Experienced beekeepers tend to have more than one beehive often with more than one honey super. Extracting honey from all of these frames by hand can be quite daunting if you don’t have someone to help you.
The one directional handle on the hand crank is a major oversight on the part of the designer. The hand crank should allow you to reverse direction while spinning which will be faster and yield better results. Being able to hold a few more frames will also be a vast improvement.
How to Use the Brushy Mountain Honey Extractor
To use the extractor, the beekeeper must first harvest the frames filled with honey from his honey supers. Then he/she must unseal the honeycomb. There are many different ways to open the honey comb. One way is to take a hive bush and scrape the wax off the top of the comb. Another way is to cut the tops off with an ordinary household knife or a spatula. There is also a special electric knife you can use which heats up so you can slice cleanly through the honey comb.
The opened combs are then placed in the basket inside of the extractor. The basket can accommodate either 2 deep frames, 4 shallow frames or 4 medium frames with each extraction.
The beekeeper then closes the extractor and places a bucket or any other container beneath the gate on the bottom of the tank.

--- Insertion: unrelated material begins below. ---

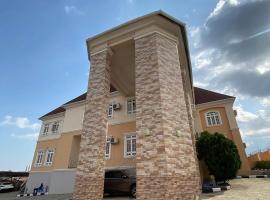 The castle private villa，位于Asokoro的酒店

The gate is opened and the beekeeper turns the hand crank. The hand crank is spring loaded to ensure that you don’t hurt your hands if the handle gets away from you while you’re turning it. This in turn causes the basket to spin and the honey is pulled from the frames into the tank. It then flows through the get into the container below which should contain a strainer. The strainer ensues that any small pieces of wax that get drained from the tank into the honey is filtered out.
It is recommended that you spin the basket a few times then turn the frames the other way and spin the basket again. This will ensure that every drop of honey is extracted from the frames. Some other automatic extractors spin clockwise and then the beekeeper can flip a switch to make the extractor spin anticlockwise to make sure that the frames are all clear of honey. Unfortunately, you’ll have to do it the long way with the Brushy Mountain Bee Farm Compact Honey Extractor.
The process is repeated until all the honey is extracted from every frame the beekeeper has harvested. The honey is then left to sit for up to forty eight hours to settle. During this time any pieces of wax that were not caught in the strainer will sink to the bottom of the container. The honey can be safely bottled at this point.
The Brushy Mountain Honey Extractor is a great extractor for a novice beekeeper or for someone without a lot of beehives. It has many wonderful qualities like being both easy to use and easy to maintain but the fact that it runs on man power is both an asset and a deterrent to the experienced beekeeper.